Training
How Sparkient compiles LLM intelligence into fast ML models.
Sparkient's training pipeline uses a teacher-student architecture: a large language model (the teacher) generates training data, and a small, fast model (the student) learns to replicate its decisions.
The Training Pipeline
Define Decision Type
↓
Generate Examples (Gemini teacher)
↓
Label Examples (Gemini teacher)
↓
Augment Rare Classes (Gemini teacher)
↓
Feature Engineering (auto-detected)
↓
Text Encoding (DeBERTa-v3)
↓
Model Training (LightGBM + Optuna)
↓
ONNX Export
↓
Deploy to ProductionSynthetic Data Generation
You don't need to bring your own training data. Sparkient's teacher LLM generates realistic, diverse examples based solely on your decision type definition.

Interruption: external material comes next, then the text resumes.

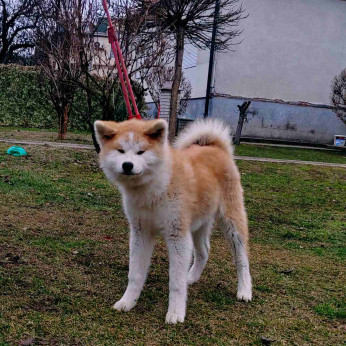 Japán Akita Inu kiskutyák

- Generation — Gemini creates input examples that cover the full space of possible decisions
- Labelling — Gemini assigns decisions and reason codes to each example, using the same reasoning a human expert would apply
- Augmentation — Gap analysis identifies underrepresented classes, and Gemini generates targeted examples to balance the dataset
Feature Engineering
Features are auto-detected from your input schema:
| Input Type | Feature Strategy |
|---|---|
| Numbers | Z-score normalization |
| Booleans | Binary encoding |
| Strings (short) | Categorical encoding |
| Strings (long) | Text embedding (Model2Vec, 256-dim, sub-ms) |
| Arrays | Length + aggregation features |
| Nested objects | Flattened with dot notation |
For text-heavy decisions, a DeBERTa-v3-small encoder is fine-tuned on your data and its embeddings are stacked as features for the final classifier.
Model Training
The final classifier is LightGBM with Optuna hyperparameter tuning:
- Automatic cross-validation
- Bayesian hyperparameter optimization
- Multi-class classification with probability calibration
- Export to ONNX format for portable, fast inference
Triggering Training
curl -X POST https://api.sparkient.ai/api/v1/decision-types/{id}/train \
-H "Authorization: Bearer YOUR_API_KEY"Training runs asynchronously. You can check the status via the dashboard or the policies endpoint.
Deploying a Model
After training completes, a policy is created containing the trained model. To activate it:
curl -X POST https://api.sparkient.ai/api/v1/decision-types/{id}/policies/{policy_id}/deploy \
-H "Authorization: Bearer YOUR_API_KEY"Once deployed, subsequent /decide calls use the trained model instead of falling through to the LLM escalation path.